The best tissue section for immunohistochemistry was selected and the corresponding formalin-fixed, paraffin-embedded resection specimen was obtained. Immunohistochemical detection of HIF-1α was performed using the Image-Pro Plus 6.0 analysis system (Media Cybernetics Co., USA), which is based on streptavidin-biotin complex formation. Sections 4-mm thick were de-paraffinized and the antigen was retrieved by microwave treatment in 10 mmol/L citrate buffer, pH 6.0, for 20 min, followed by blocking steps carried out according to the manufacturer's protocol.

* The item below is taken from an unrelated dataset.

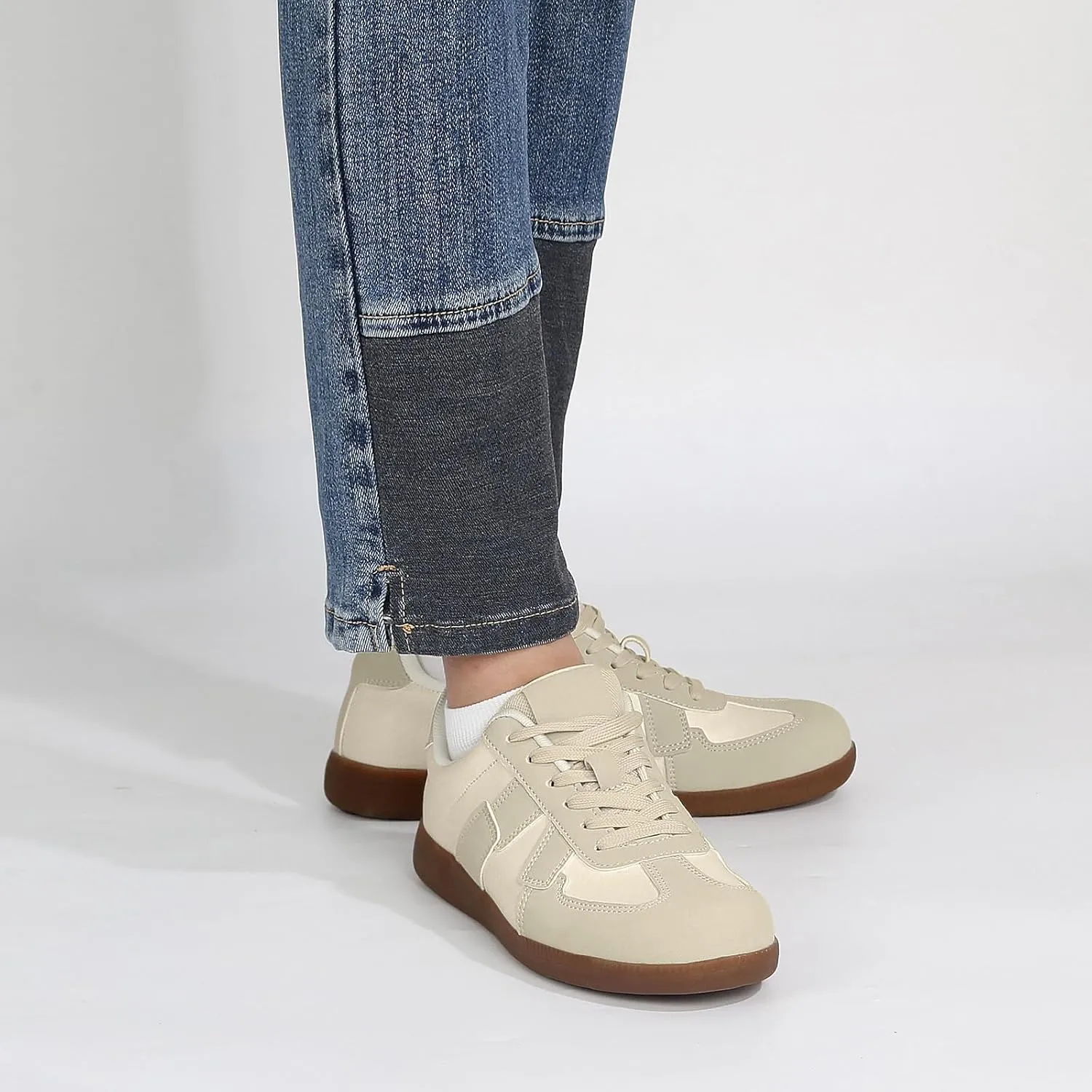 Womens Fashion Sneakers Casual Retro Walking Shoes Comfortable Lace-Up Skate Shoes with Arch Support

Mouse monoclonal antibody (Wuhan Boster Co.), diluted 1:50-200, was applied and the slides were incubated overnight at 41°C. The secondary antibody, biotinylated goat anti-mouse antibody (Wuhan Boster Co.), was applied with additional blocking precautions to minimize the amplification of nonspecific background. The antibody was visualized using diaminobenzidine, and the sections were counterstained with hematoxylin, dehydrated, and mounted. Substitution of the primary antibody with an autologous preimmune serum, and immunoadsorption with immunizing peptide served as a negative control. Batch-to-batch variation was assessed by choosing two sections showing high and low HIF-1α expression and running additional sections from these biopsies with each batch.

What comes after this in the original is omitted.